Task item:
Can you copy out the data exactly? Leave the images out.
*** Opening Information provided ***
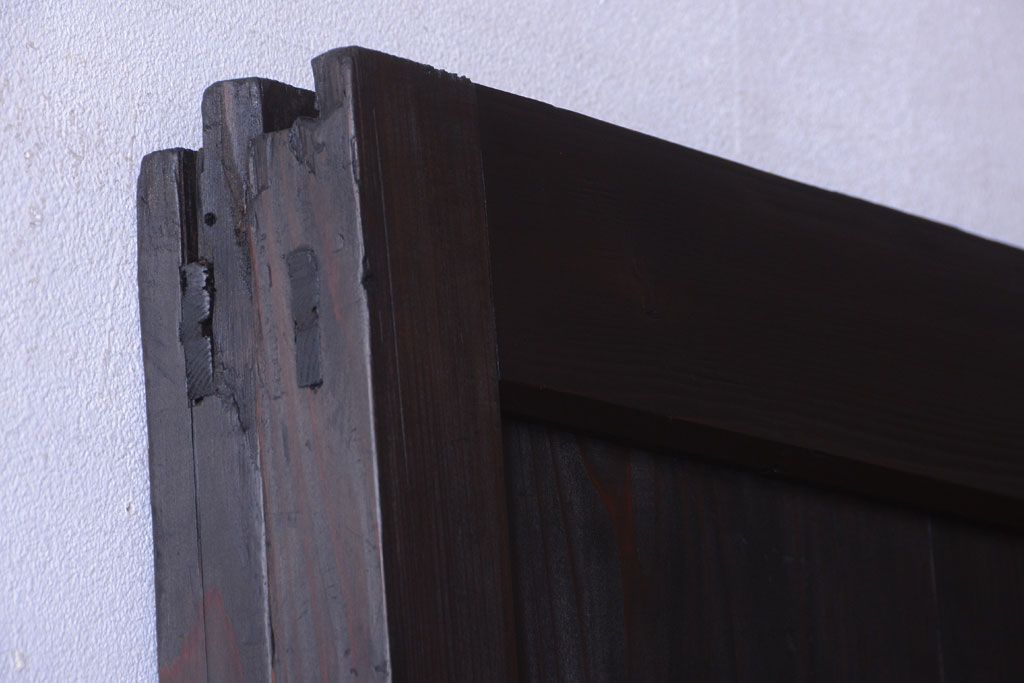 古民具・骨董　明治期　古い木味のアンティーク帯戸2枚セット(2)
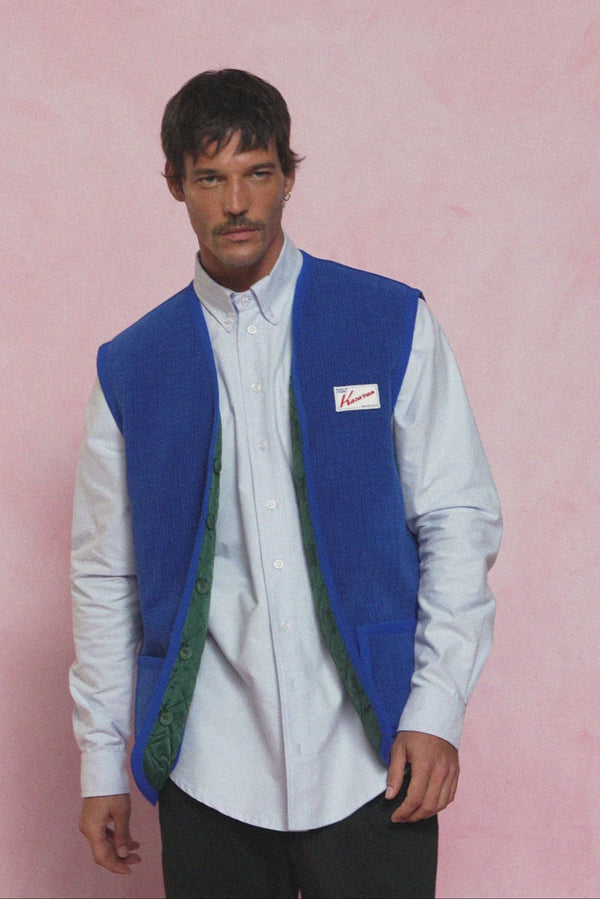karavan men fall winter 26' collection marcus vest blue 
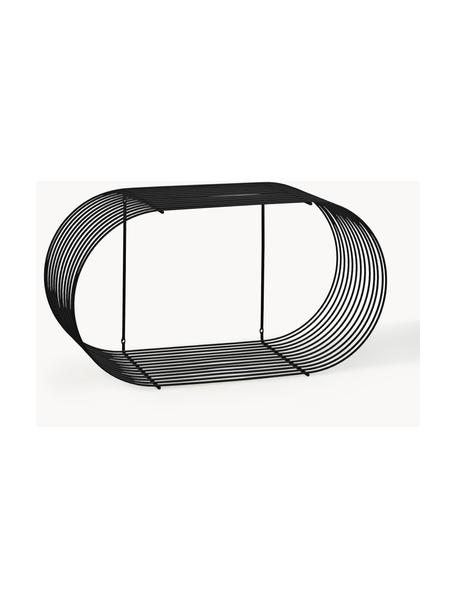 Półka ścienna z metalu Curve, S 61 cm, Metal powlekany, Czarny, S 61 x W 33 cm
*** Closing Information provided ***
Answer box:
 古民具・骨董　明治期　古い木味のアンティーク帯戸2枚セット(2)
karavan men fall winter 26' collection marcus vest blue 
 Półka ścienna z metalu Curve, S 61 cm, Metal powlekany, Czarny, S 61 x W 33 cm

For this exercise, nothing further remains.